Reference no: EM133914060
Question
Grace Markham is a 63-year-old widow who lives alone. She has a history of rheumatic heart disease manifested by moderate mitral valve stenosis with slight mitral insufficiency. She has been maintained on digoxin, 0.25 mg PO daily, for several years, with few adverse effects. Compliance with therapy has generally been excellent. She understands the drug therapy and her 3-g sodium diet.

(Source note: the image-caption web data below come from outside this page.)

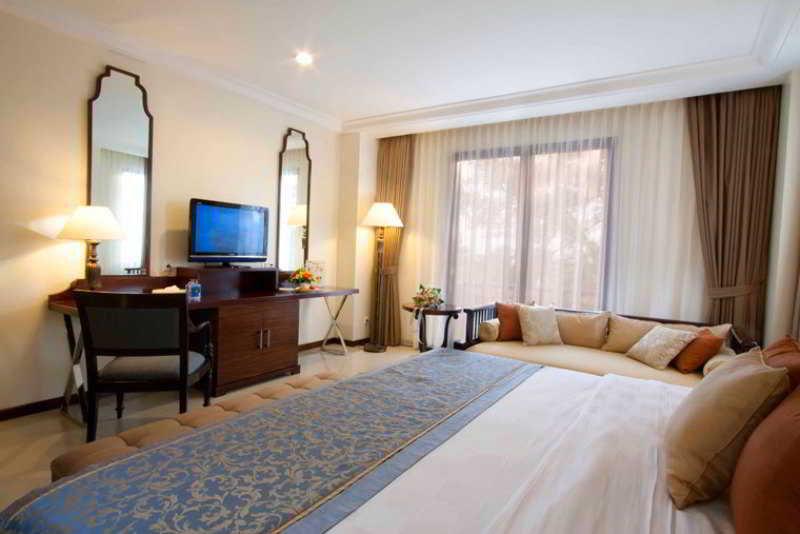 Asmila Boutique Hotel Bandung Exterior photo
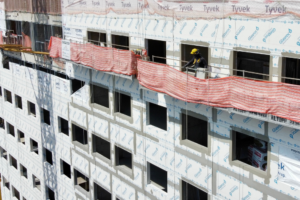 Edifício com fachada em Glasroc aplicada sobre estrutura de Steel Framing em sistema de construção a seco.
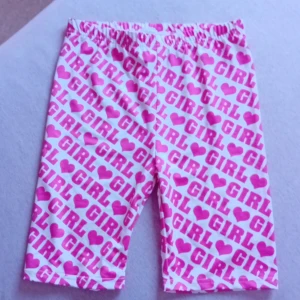 Rosa Cykelbyxor - De är från Shein🫶🏾.Sköna att ha till somaren. Säljs för att jag inte använder de och för att de är lite för stor för mig🩷.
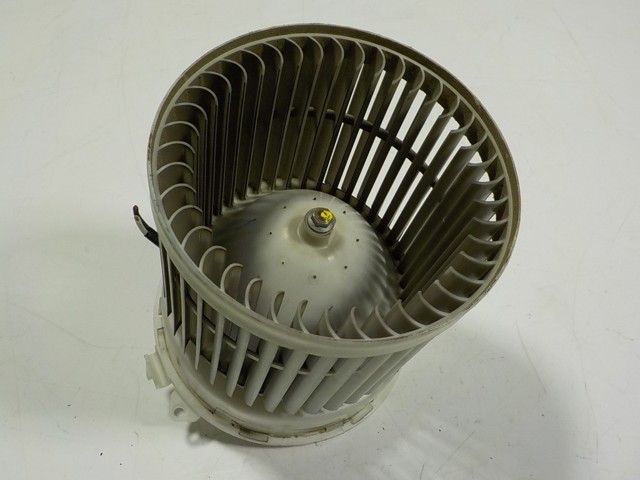 Motor de ventilador de forno (de aquecedor de salão) 272264BG0B Nissan/Infiniti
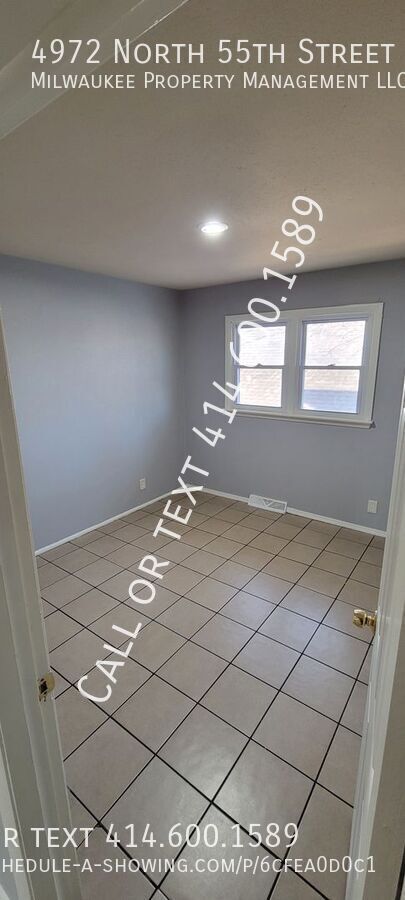 Building Photo - Spacious 3 bedroom unit with an extra half...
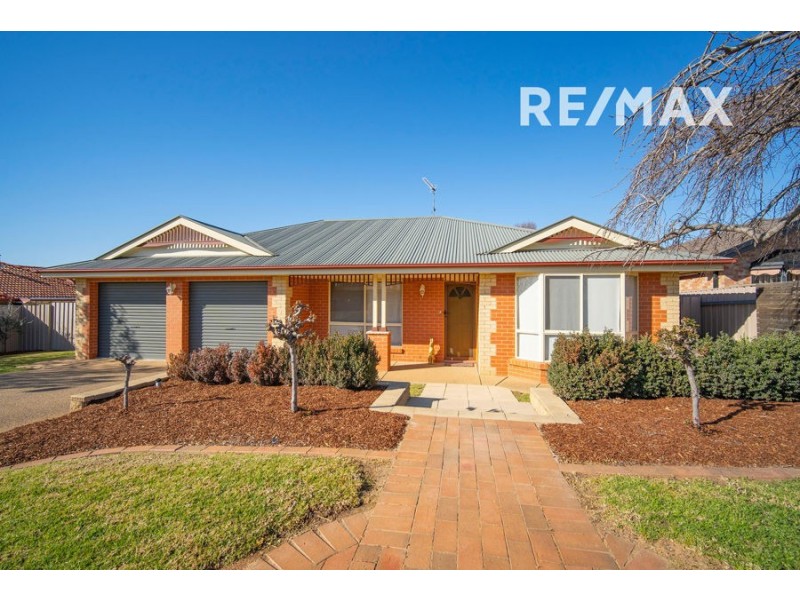 35 Stirling Boulevard, Tatton NSW 2650
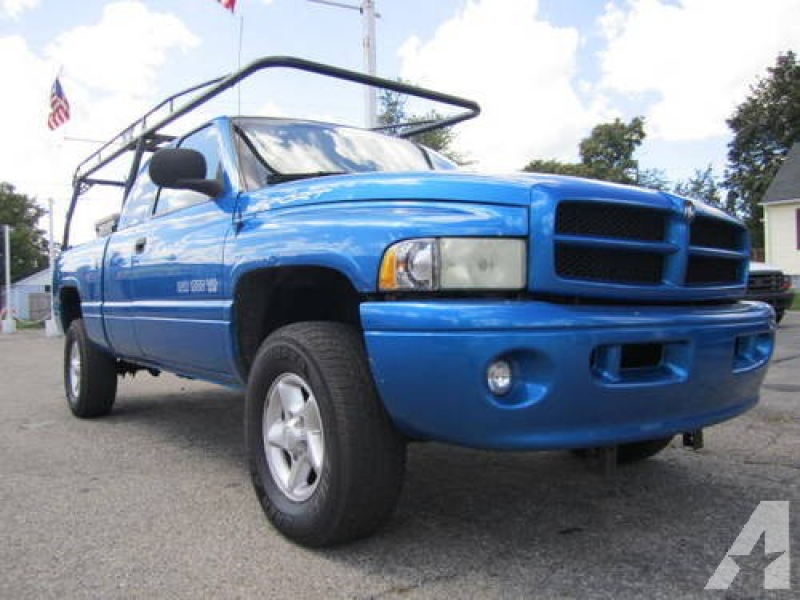 2000 Dodge Ram 1500 4X4? Work Truck! Comes with Accessories for sale ...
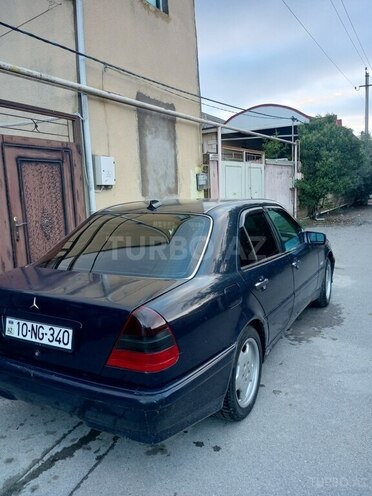 Mercedes C 200-4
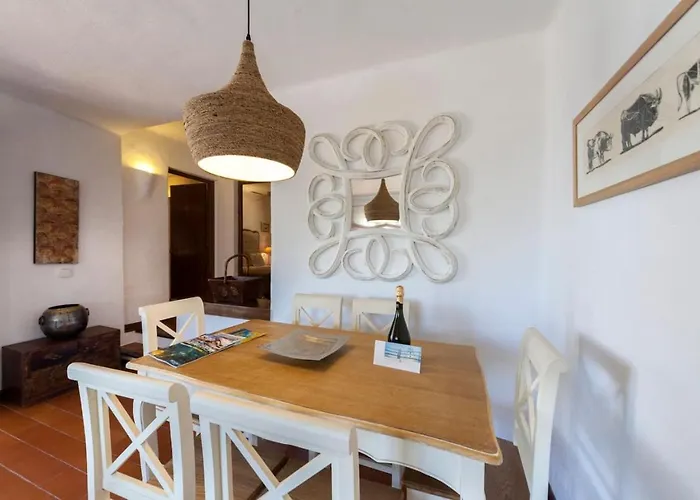 Bini Belin * Binibeca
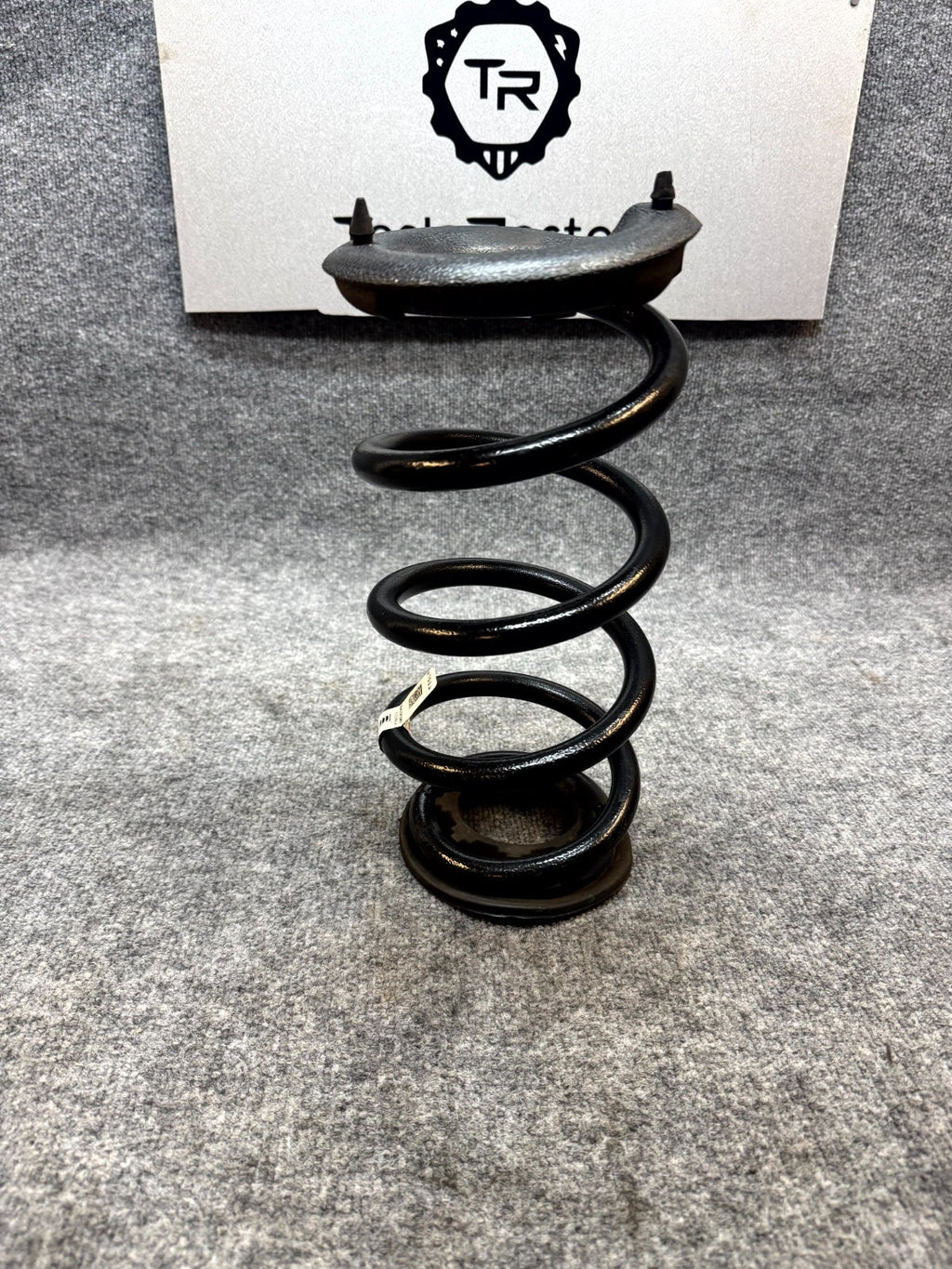 2017-2023 TESLA MODEL 3 REAR RIGHT/LEFT COIL SPRING INSULATOR OEM, 1044472-01-E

She was admitted to the hospital complaining of dyspnea on exertion, ankle edema, mild chest pain on exertion, and fatigue. The ECG showed no signs of infarction but showed atrial fibrillation, with a ventricular response of 124 beats/min. Her serum digoxin level was 0.9 ng/mL. A repeat cardiac catheterization showed no changes in the mitral valve but did indicate some early coronary artery narrowing. While she was in the hospital, the following medications were ordered for Ms. Markham:
digoxin, 0.25 mg PO daily
Lasix, 20 mg PO twice daily
K-Dur, 20 mEq PO daily
verapamil SR, 240 mg PO daily
Isordil, 10 mg PO three times daily
1. Describe the relationship among digoxin, Lasix, and K-Dur in the management of Mrs. Markham's symptoms.
2. What additional data should be included in the assessment of the client related to the use of these three medications?
3. What is the significance of a serum digoxin level of 0.9 ng/mL?
4. How will the use of digoxin affect Mrs. Markham's atrial fibrillation?
Several weeks later, Mrs. Markham comes to the clinic complaining of nausea, vomiting, and diarrhea. She reports having had these symptoms for several days. She has continued to take her medications except for the K-Dur, which she found increased her nausea.
5. What additional assessment data (subjective, objective, laboratory) should you gather related to these new symptoms?
6. The serum digoxin level for Mrs. Markham was 2.5 ng/mL. Explain the significance of this change in relationship to the symptoms she was having.